His transparent dishonesty could not be more clear.

Garland is now the third attorney general to be held in contempt of Congress. Yet it is unlikely that the Justice Department — which Garland oversees — will prosecute him. The White House’s decision to exert executive privilege over the audio recording, shielding it from Congress, would make it exceedingly difficult to make a criminal case against Garland.

Nonetheless, Speaker Mike Johnson defended the decision to push ahead with what is now a mostly symbolic effort.

“Look, we did our job on the contempt, and I think it sends an important message,” the Louisiana Republican said following the vote. “We’ll see what happens next, but, I mean, the House has to do its work and I’m pleased with the outcome today.”

The White House and congressional Democrats have slammed Republicans’ motives for pursuing contempt and dismissed their efforts to obtain the audio as purely political.

“This contempt resolution will do very little, other than smear the reputation of Merrick Garland, who will remain a good and decent public servant no matter what Republicans say about him today,” New York Rep. Jerry Nadler, the top Democrat on Judiciary Committee, said during floor debate.

Well, it is way too late for Garland to even have a mediocre reputation.

This embarrassment for Garland and the Justice Department began when Republicans became incensed when Special Counsel Robert Hur declined to prosecute Biden over his handling of classified documents and quickly opened an investigation. GOP lawmakers — led by Rep. James Comer — sent a subpoena for audio of Hur’s interviews with Biden during the spring. But the Justice Department only turned over some of the records, leaving out audio of the interview with the president.
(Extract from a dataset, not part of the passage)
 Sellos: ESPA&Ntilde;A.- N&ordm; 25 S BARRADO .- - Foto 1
On the last day to comply with the Republicans’ subpoena for the audio, the White House blocked the release by invoking executive privilege. It said that Republicans in Congress only wanted the recordings “to chop them up” and use them for political purposes.
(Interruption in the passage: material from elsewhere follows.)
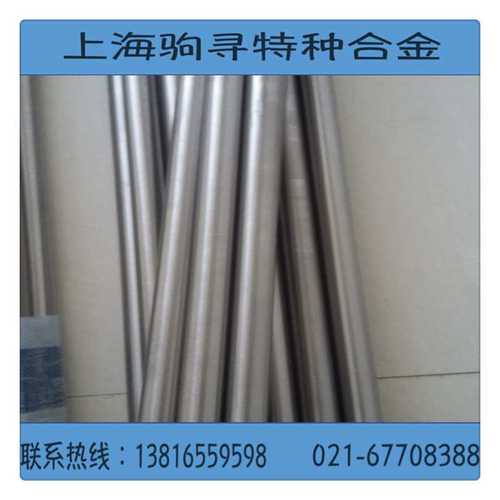 驹寻供应钛金属TC4钛板钛合金钛棒TA1钛板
Executive privilege gives presidents the right to keep information from the courts, Congress and the public to protect the confidentiality of decision-making, though it can be challenged in court.
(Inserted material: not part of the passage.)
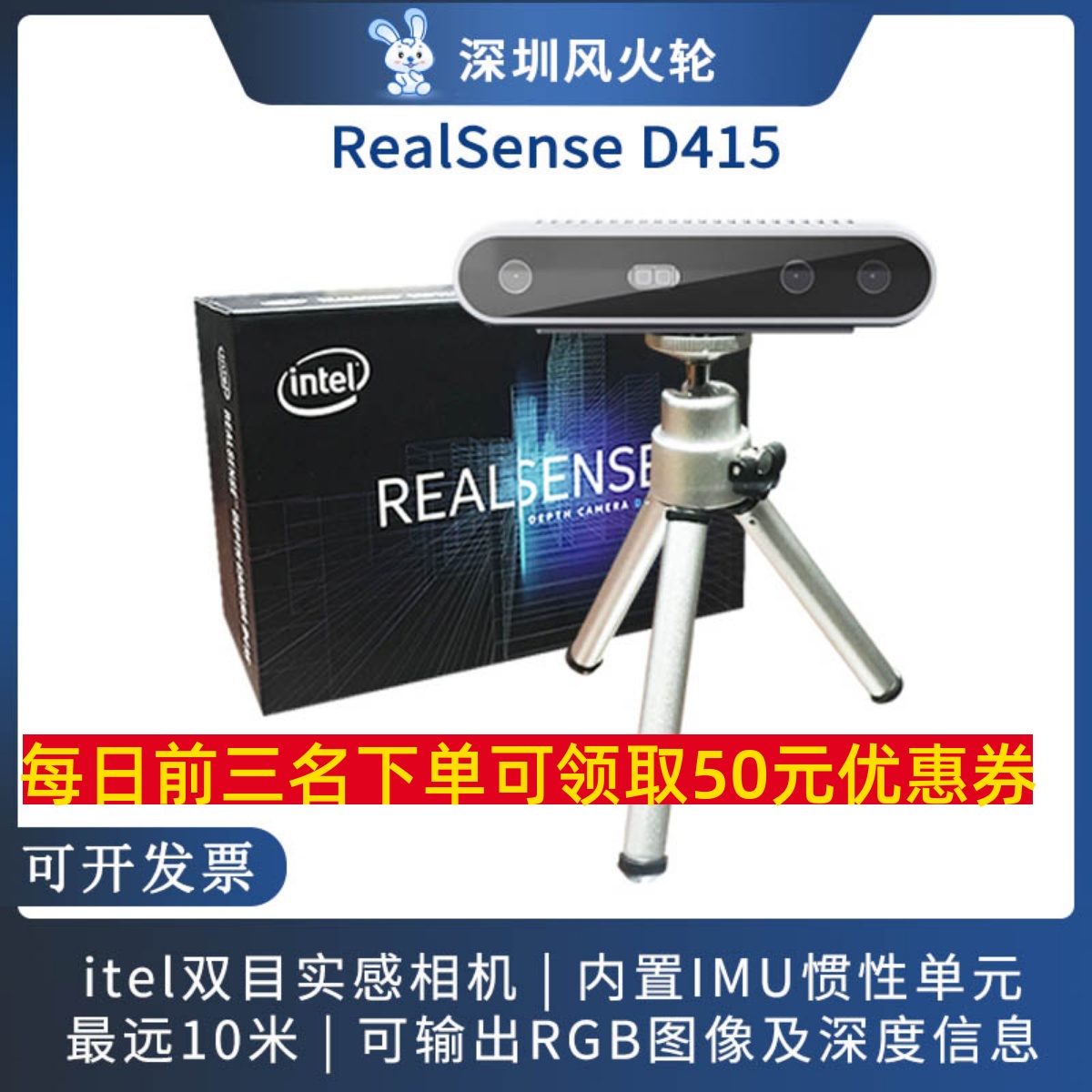 批量可优惠，请联系18926406402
Somehow, this was not respected by Congress or the Justice Department during the Watergate allegations and investigation of President Richard Nixon.

Merrick Garland has spent 90 percent of his time seeking political prosecutions.  He cares little for protecting the American people.  I do not believe that he will ever satisfy his need for vengeance nor continue to hold the honorable office as Attorney General of the United States in the near future.